= Task goal =
The task calls for every entry to be printed word for word, without the images.
---
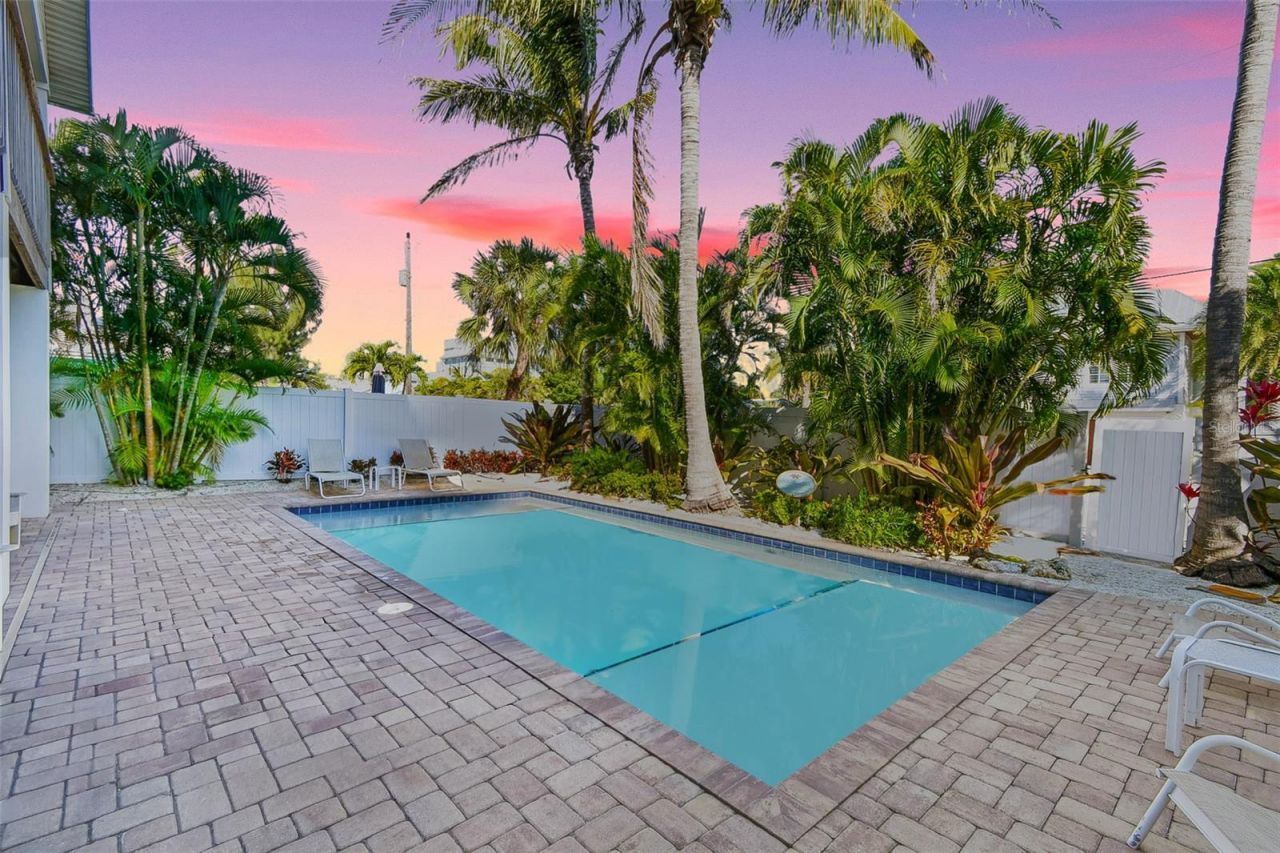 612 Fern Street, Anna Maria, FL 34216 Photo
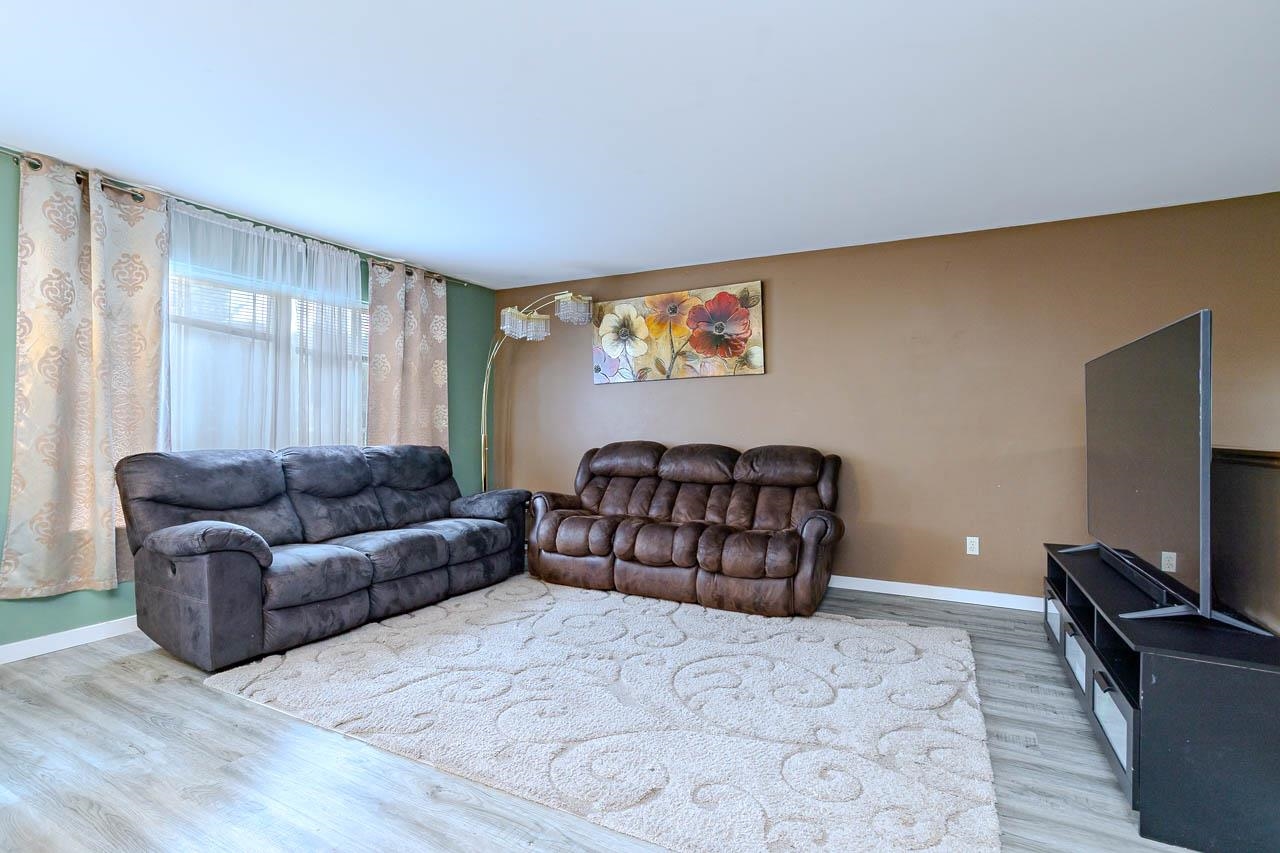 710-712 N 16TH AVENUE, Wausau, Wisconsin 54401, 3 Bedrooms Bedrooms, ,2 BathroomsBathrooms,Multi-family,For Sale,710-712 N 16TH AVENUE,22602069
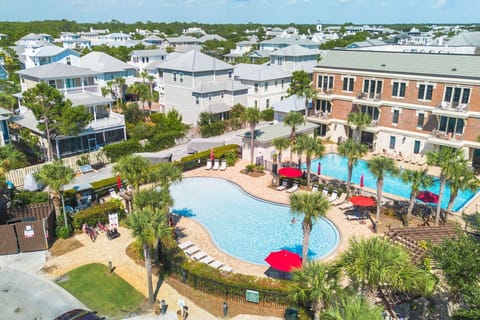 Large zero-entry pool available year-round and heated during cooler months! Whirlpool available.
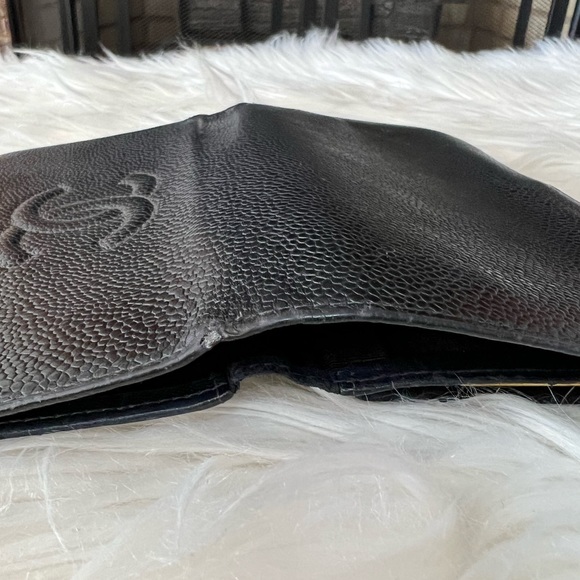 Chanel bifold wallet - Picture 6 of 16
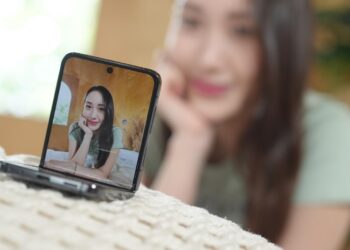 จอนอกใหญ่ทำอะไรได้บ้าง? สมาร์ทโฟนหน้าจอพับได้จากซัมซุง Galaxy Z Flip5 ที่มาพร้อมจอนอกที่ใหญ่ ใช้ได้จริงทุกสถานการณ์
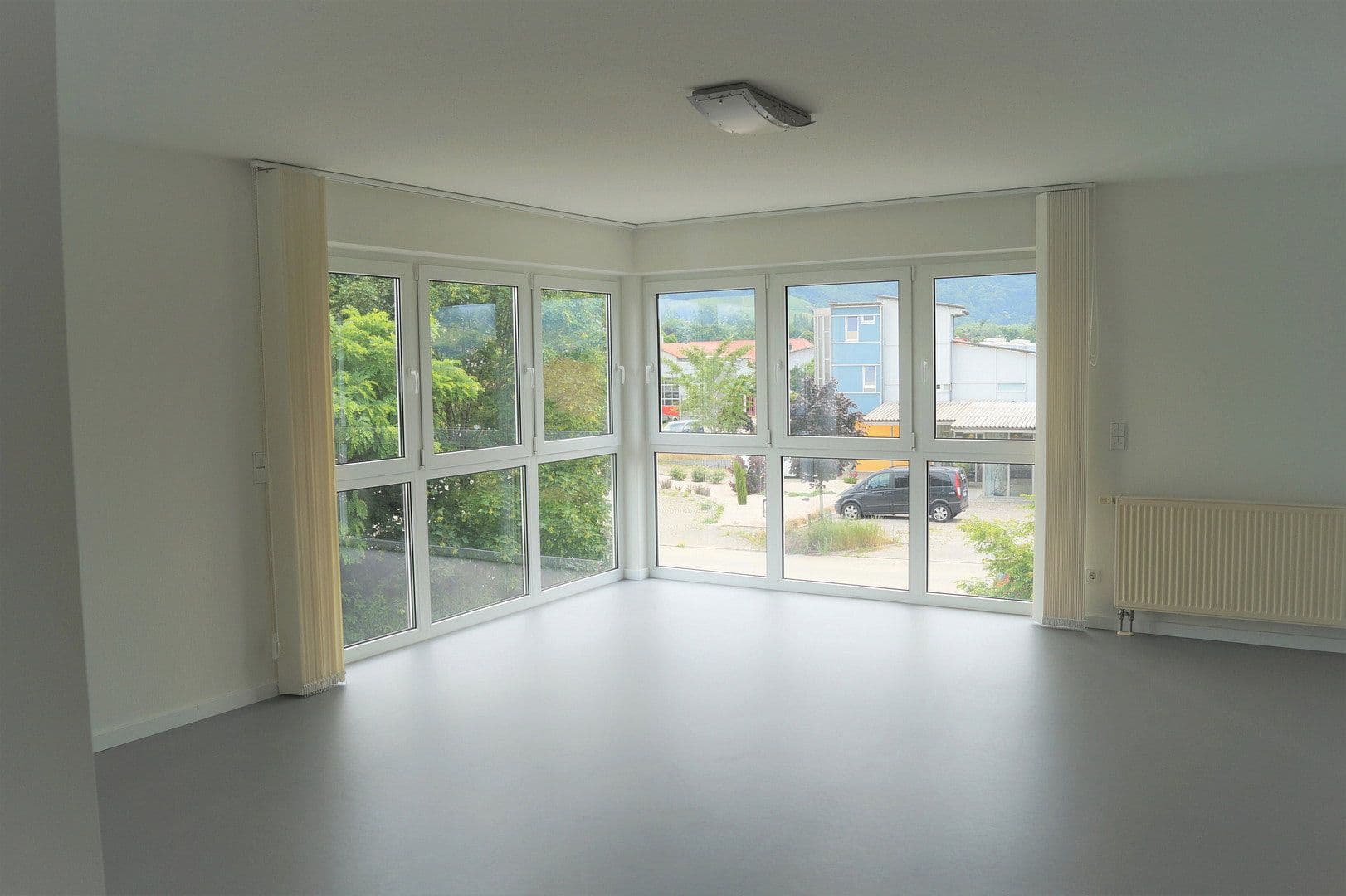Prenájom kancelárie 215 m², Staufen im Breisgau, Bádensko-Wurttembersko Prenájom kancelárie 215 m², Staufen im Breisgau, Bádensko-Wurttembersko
---
= Solved problem =
 612 Fern Street, Anna Maria, FL 34216 Photo
 710-712 N 16TH AVENUE, Wausau, Wisconsin 54401, 3 Bedrooms Bedrooms, ,2 BathroomsBathrooms,Multi-family,For Sale,710-712 N 16TH AVENUE,22602069
 Large zero-entry pool available year-round and heated during cooler months! Whirlpool available.
 Chanel bifold wallet - Picture 6 of 16
 จอนอกใหญ่ทำอะไรได้บ้าง? สมาร์ทโฟนหน้าจอพับได้จากซัมซุง Galaxy Z Flip5 ที่มาพร้อมจอนอกที่ใหญ่ ใช้ได้จริงทุกสถานการณ์
Prenájom kancelárie 215 m², Staufen im Breisgau, Bádensko-Wurttembersko Prenájom kancelárie 215 m², Staufen im Breisgau, Bádensko-Wurttembersko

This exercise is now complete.